Ask HN: How to find side project friendly companies? - pantsd

The title says most of it, how do you find interesting companies which are cool with side-projects (open source or otherwise)?
======
donw
On one hand, time not spent on product is time not improving the bottom line.
Period. For a small company, that can easily mean instant death.

On the other hand, I've regularly taken a day or two off at times when I
needed a break from working on our primary product, and ended up writing stuff
that either massively improved my programming abilities, or contributed in a
huge, but non-obvious, way towards improving our app.

Working on those side-project has helped to keep me energized and focused; you
can't spend all day making license plates.

So, I'd hire someone who had a side-project, provided that it didn't conflict
with what the company is doing, and that they were professional enough to not
work on their 'side project' at the office.

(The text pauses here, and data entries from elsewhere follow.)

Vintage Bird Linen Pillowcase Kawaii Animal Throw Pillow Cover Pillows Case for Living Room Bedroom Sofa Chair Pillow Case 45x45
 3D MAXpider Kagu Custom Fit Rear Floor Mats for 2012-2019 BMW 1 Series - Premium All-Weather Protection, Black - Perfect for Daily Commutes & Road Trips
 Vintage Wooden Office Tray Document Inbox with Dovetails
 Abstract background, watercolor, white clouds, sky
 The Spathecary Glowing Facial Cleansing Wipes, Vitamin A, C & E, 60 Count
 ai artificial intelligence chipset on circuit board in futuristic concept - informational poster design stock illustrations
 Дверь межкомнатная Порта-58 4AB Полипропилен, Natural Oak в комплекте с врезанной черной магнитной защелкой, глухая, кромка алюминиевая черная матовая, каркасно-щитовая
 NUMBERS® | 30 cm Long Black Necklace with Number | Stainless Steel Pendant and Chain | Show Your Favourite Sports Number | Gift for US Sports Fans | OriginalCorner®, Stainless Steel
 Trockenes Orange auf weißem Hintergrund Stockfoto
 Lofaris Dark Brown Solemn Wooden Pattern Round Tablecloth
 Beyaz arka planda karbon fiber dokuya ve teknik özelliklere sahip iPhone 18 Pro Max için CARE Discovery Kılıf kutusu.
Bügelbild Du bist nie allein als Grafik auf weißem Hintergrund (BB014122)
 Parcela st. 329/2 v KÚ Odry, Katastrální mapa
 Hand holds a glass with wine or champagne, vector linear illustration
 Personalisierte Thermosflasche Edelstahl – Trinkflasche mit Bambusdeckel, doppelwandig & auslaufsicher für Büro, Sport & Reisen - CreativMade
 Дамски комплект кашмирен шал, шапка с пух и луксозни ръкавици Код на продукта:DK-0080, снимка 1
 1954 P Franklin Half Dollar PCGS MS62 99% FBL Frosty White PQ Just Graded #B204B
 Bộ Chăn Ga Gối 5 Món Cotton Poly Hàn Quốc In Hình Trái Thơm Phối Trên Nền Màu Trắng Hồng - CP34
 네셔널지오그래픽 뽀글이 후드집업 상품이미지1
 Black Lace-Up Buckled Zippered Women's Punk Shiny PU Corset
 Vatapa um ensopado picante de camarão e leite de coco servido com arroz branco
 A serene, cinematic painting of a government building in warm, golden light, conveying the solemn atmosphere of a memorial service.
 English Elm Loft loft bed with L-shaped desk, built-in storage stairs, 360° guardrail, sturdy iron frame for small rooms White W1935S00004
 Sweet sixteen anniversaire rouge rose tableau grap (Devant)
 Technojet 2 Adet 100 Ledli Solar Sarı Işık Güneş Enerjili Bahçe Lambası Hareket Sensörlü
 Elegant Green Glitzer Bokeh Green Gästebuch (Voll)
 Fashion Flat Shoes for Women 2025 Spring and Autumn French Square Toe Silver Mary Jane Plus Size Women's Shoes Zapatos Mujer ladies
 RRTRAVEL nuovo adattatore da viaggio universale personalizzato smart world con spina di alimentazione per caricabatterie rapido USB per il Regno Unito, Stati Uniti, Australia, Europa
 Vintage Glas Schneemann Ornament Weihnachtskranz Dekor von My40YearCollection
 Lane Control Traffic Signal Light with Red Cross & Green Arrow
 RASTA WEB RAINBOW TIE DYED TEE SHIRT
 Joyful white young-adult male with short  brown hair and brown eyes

I'd also want to be kept in the loop on what the side project is, because I
want to make sure there isn't a conflict of interest. And also because, if it
turns out that this project could be productized or would otherwise benefit
the company, I could offer to buy it and put them to work on it on company
time.

Alternatively, if an employee's 'side project' turned into their own scrappy
startup, that's fine too, but at that point they really need to leave and
focus on building their own company; it's just too big of a legal risk to keep
them on as full-time employees.

------
hga
One thing, echoing HN user corruption, is that you need to look for companies
that can afford your not devoting 99% of your technical time, effort and
attention to their needs.

I doubt Google had its 20% policy when it was moving from its Stanford lab
foundation to establishing the company, I would think that had to come later.

Even if a company is profitable, that doesn't mean it has this sort of luxury,
but you should probably start out with profitable ones.

I don't think on its face that your desire is crazy, people like you can
provide all sorts of benefits to the company they're working for (e.g. your
network, recognition (would Transmeta have had the slightest chance in the
marketplace if they hadn't hired Linus?), etc.). But raw survival comes first.

------
corruption
If I thought your side project could interfere with your work, I wouldn't hire
you. I've done that before, it did, and it was a problem.